The ships returned laden with trade goods including gold, ivory, ebony, animal skins, live animals, fragrant woods, cinnamon, frankincense and myrrh. They also reputedly brought back 31 live myrrh trees, the roots carefully kept in baskets during the voyage. This is the first recorded attempt to transplant foreign trees and it is reported that Hatshepsut had them planted in the courts of her mortuary temple complex at Deir el-Bahri.
The expedition is commemorated in detailed reliefs on the walls of the temple at Deir el-Bahri, which are famous for the realistic depiction of the Queen of the Land of Punt, Queen Ati. The queen is shown (to the right in the image) as being relatively tall and generously proportioned, with large breasts and rolls of fat on her body.
Hatshepsut commissioned hundreds of construction projects during her reign. In pharaonic tradition she had monuments built at the Temple of Karnak in Luxor, erecting two obelisks at the entrance. At the time these were the tallest in the world, and one of them still stands as the tallest surviving ancient obelisk on Earth.

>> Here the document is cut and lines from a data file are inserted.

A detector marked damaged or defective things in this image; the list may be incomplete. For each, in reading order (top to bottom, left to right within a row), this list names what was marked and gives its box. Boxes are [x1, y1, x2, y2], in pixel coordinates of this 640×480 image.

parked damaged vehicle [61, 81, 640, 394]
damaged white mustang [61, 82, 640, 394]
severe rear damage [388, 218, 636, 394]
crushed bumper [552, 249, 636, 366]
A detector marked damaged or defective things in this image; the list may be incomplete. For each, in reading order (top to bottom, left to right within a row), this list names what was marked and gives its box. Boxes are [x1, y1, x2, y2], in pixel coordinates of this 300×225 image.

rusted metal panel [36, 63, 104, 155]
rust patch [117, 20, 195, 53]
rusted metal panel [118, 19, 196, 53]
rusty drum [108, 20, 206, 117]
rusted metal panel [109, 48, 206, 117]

Also at Karnak she restored the Precinct of Mut, mother goddess and consort of Amun. This area, next to the main Temple of Karnak in Luxor, has long since fallen into disrepair but is remarkable for the enormous number of statues of the lion-headed goddess Sekhmet. (On my visit to Egypt many years ago I found this overgrown and abandoned area to be an atmospheric place, full of lion-headed statues standing, leaning over or lying on the ground, many cracked and broken. The area is little visited and off the tourist route, yet is just a few minutes away from the main temple, and I recommend it to all visitors to Egypt seeking a short respite from tour guides.).

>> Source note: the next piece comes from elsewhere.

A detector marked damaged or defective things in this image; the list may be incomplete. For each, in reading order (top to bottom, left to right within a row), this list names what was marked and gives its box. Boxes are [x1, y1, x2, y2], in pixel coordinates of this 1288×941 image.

The precise location of Hatshepsut’s tomb is unknown, but her masterpiece stands at the entrance to the Valley of the Kings. This is her great mortuary temple, designed by her vizier Senemut. It is unlike any other Egyptian temples such as those at Karnak or Philae, for instance, and the main building rises in symmetrical colonnaded tiers against a dramatic mountainous backdrop.
In fact it was the first grand building erected here and it was only later that the area became known as the Valley of the Kings when later pharaohs chose to follow her example. The site of the temple is known now as Deir el-Bahri but this is a much later Christian name which means Monastery of the North.
The walls inside the temple are covered in reliefs and hieroglyphics in magnificent colours. One section, known as the Birth Colonnade, describes the conception and birth of Hatshepsut as the daughter of Amun. The Punt Colonnade records her famous expedition to the mysterious ‘Land of the Gods’. The Royal Cult Chapel and Solar Cult Chapel depict scenes of the royal family making offerings to the gods.